* **Exercise requirements**
Reproduce, exactly and only, the lines of the data that follows from the one containing "Ticket Management Dashboard" down to the one containing "odpadů v ČR", without pictures.

* **Data extract**
+++

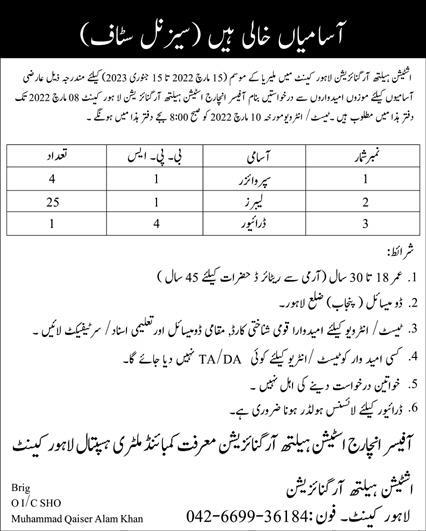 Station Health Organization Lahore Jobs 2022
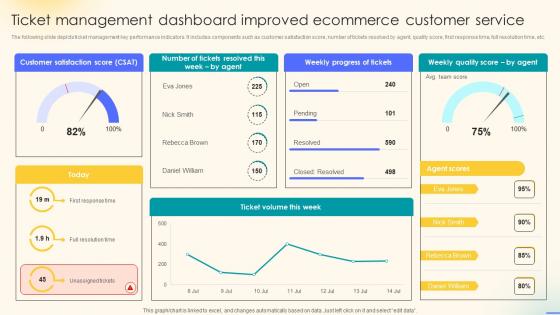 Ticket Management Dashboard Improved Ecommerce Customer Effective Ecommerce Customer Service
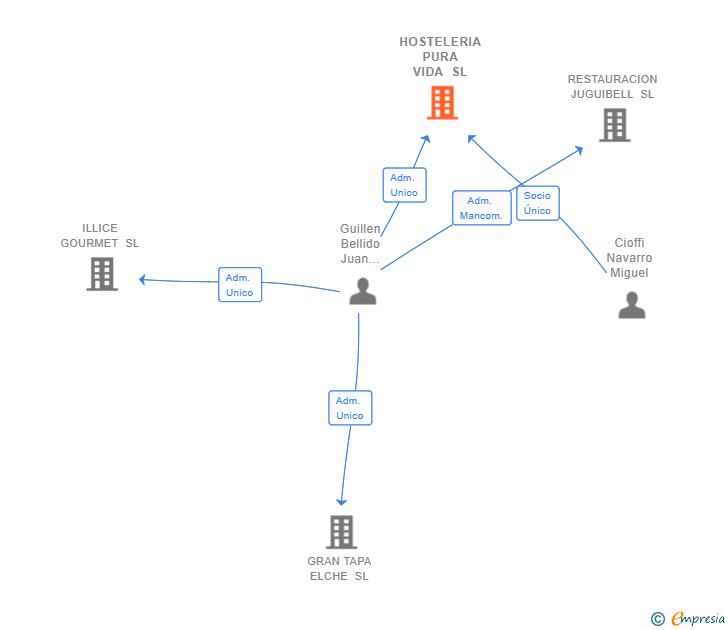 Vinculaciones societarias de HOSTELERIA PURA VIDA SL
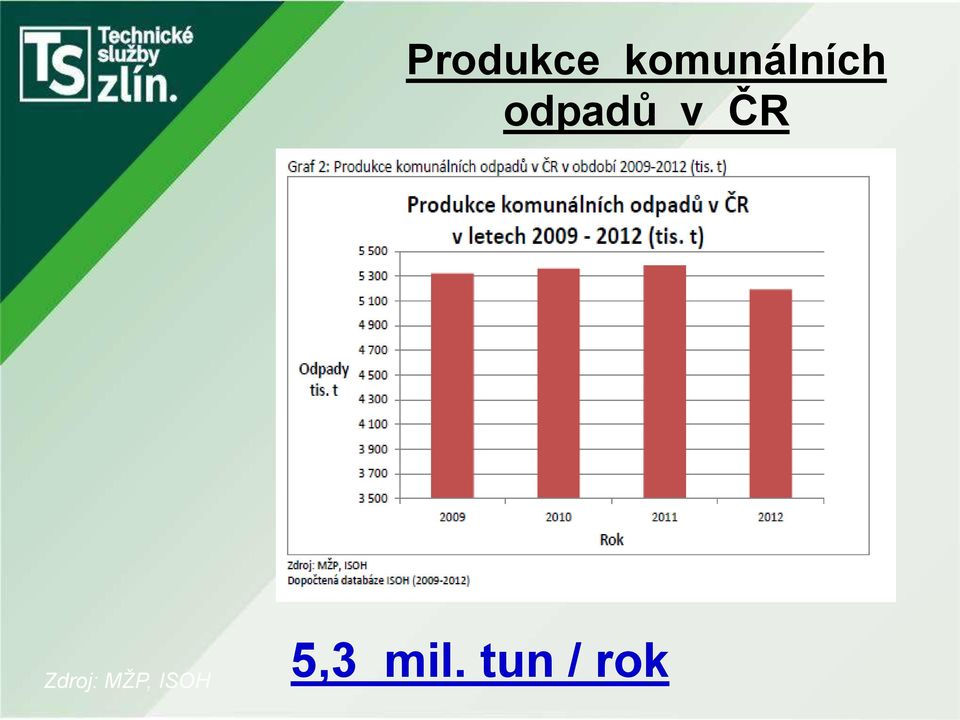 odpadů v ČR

+++

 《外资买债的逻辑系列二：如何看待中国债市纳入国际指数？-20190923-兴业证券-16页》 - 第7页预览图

+++

* **Reply**
 Ticket Management Dashboard Improved Ecommerce Customer Effective Ecommerce Customer Service
 Vinculaciones societarias de HOSTELERIA PURA VIDA SL
 odpadů v ČR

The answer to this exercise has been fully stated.